The configuration file ( php.ini ) is read when PHP starts up. For the server module versions of PHP, this happens only once when the web server is started. For the CGI and CLI versions, it happens on every invocation.

  • SAPI module specific location ( PHPIniDir directive in Apache 2, -c command line option in CGI and CLI)
  • The PHPRC environment variable.
  • The location of the php.ini file can be set for different versions of PHP. The root of the registry keys depends on 32- or 64-bitness of the installed OS and PHP. For 32-bit PHP on a 32-bit OS or a 64-bit PHP on a 64-bit OS use [(HKEY_LOCAL_MACHINE\SOFTWARE\PHP] for 32-bit version of PHP on a 64-bit OS use [HKEY_LOCAL_MACHINE\SOFTWARE\WOW6432Node\PHP] ] instead.
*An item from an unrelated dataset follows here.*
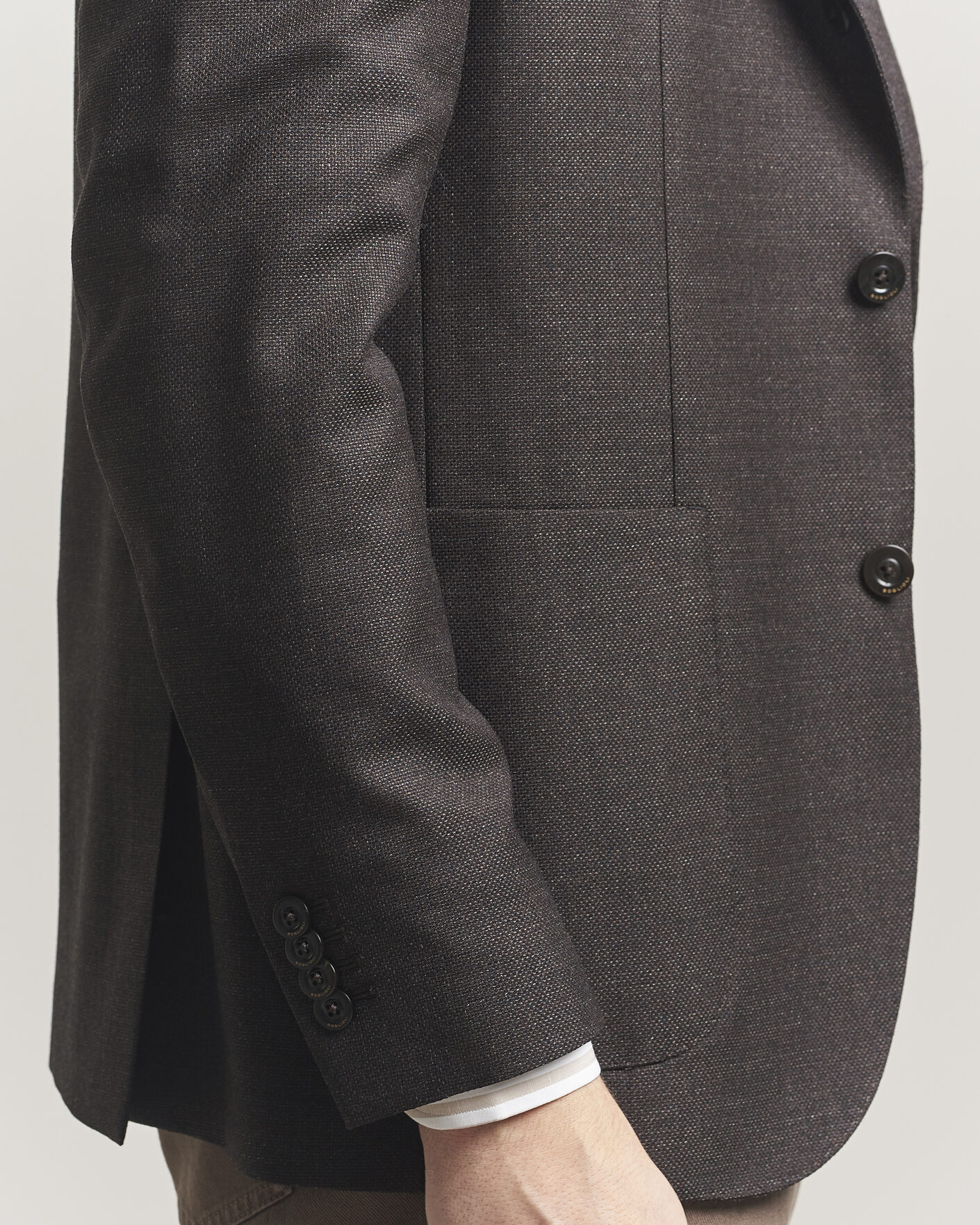 Herre | Blazere & jakker | Boglioli | K Jacket Wool Hopsack Blazer Dark Brown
For same bitness installation the following registry keys are examined in order: [HKEY_LOCAL_MACHINE\SOFTWARE\PHP\x.y.z] , [HKEY_LOCAL_MACHINE\SOFTWARE\PHP\x.y] and [HKEY_LOCAL_MACHINE\SOFTWARE\PHP\x] , where x, y and z mean the PHP major, minor and release versions. For 32 bit versions of PHP on a 64 bit OS the following registry keys are examined in order: [HKEY_LOCAL_MACHINE\SOFTWARE\WOW6421Node\PHP\x.y.z] , [HKEY_LOCAL_MACHINE\SOFTWARE\WOW6421Node\PHP\x.y] and [HKEY_LOCAL_MACHINE\SOFTWARE\WOW6421Node\PHP\x] , where x, y and z mean the PHP major, minor and release versions. If there is a value for IniFilePath in any of these keys, the first one found will be used as the location of the php.ini (Windows only).
  • [HKEY_LOCAL_MACHINE\SOFTWARE\PHP] or [HKEY_LOCAL_MACHINE\SOFTWARE\WOW6432Node\PHP] , value of IniFilePath (Windows only).
  • Current working directory (except CLI).
  • The web server’s directory (for SAPI modules), or directory of PHP (otherwise in Windows).
  • Windows directory ( C:\windows or C:\winnt ) (for Windows), or —with-config-file-path compile time option.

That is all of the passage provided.